My tutor built a simple website he gave me, using AJAX to always stay on 1 page, and brings the menus according to user actions (they are hidden if not used, brought back to front if used).
I have set up an apache server which I configured to execute CGI scripts, and it works.
To always stay on one page, I used the '204 No Content' return trick, so that the server's answer to the page is 'I don't have anything to say, just stay on this page'.
But the one problem I have is that the CGI is launched only once. If I click the button for the first time it works, afterwards nothing happens.
I tried using the SSI (shtml) to use the in a button code instead of using a FORM with GET method but the script still won't execute twice.
I might be using the wrong tools. Should I keep going with CGIs ? Or is there something else (like AJAX, jquery) that actually is designed to do what I want ?
Thanks for having read.
EDIT : I have found a way around it (it's always when I'm desperate after looking for days for an answer that I go to forums and then find myself a nice solution in the next hour .... )
I used a basic link, and for some reason it has a different behaviour than using a button. Whatever. My interrogations on the technologies used still stand though :)

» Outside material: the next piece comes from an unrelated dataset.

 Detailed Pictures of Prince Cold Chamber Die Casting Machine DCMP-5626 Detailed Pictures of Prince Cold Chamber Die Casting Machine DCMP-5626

EDIT2 : My solution is crappy, for some reason the script is also called at page refresh (or when the page loads for the first time). It's strange, because since it's in the it should only be spawned when I click on it ...
Familiarize yourself with jQuery and its AJAX API. You can't make it not load a new page unless you use AJAX. Here is an example of what an AJAX call looks like:
$.ajax({
url: 'http://server.domain.com/cgi-bin/myfile.cgi',
data: {
x: 1,
today: '20110504',
user: 'Joe'
}
}).success(function(data, status, xhr) {
if (data)
alert(data);
});
That is for jQuery 1.5 or higher. You can run that whenever a certain button is clicked like this:
HTML for the button:
<input type="button" id="doThis"/>
JavaScript:
$(function() {
$('#doThis').click(function() {
//put AJAX sample shown above, here
});
});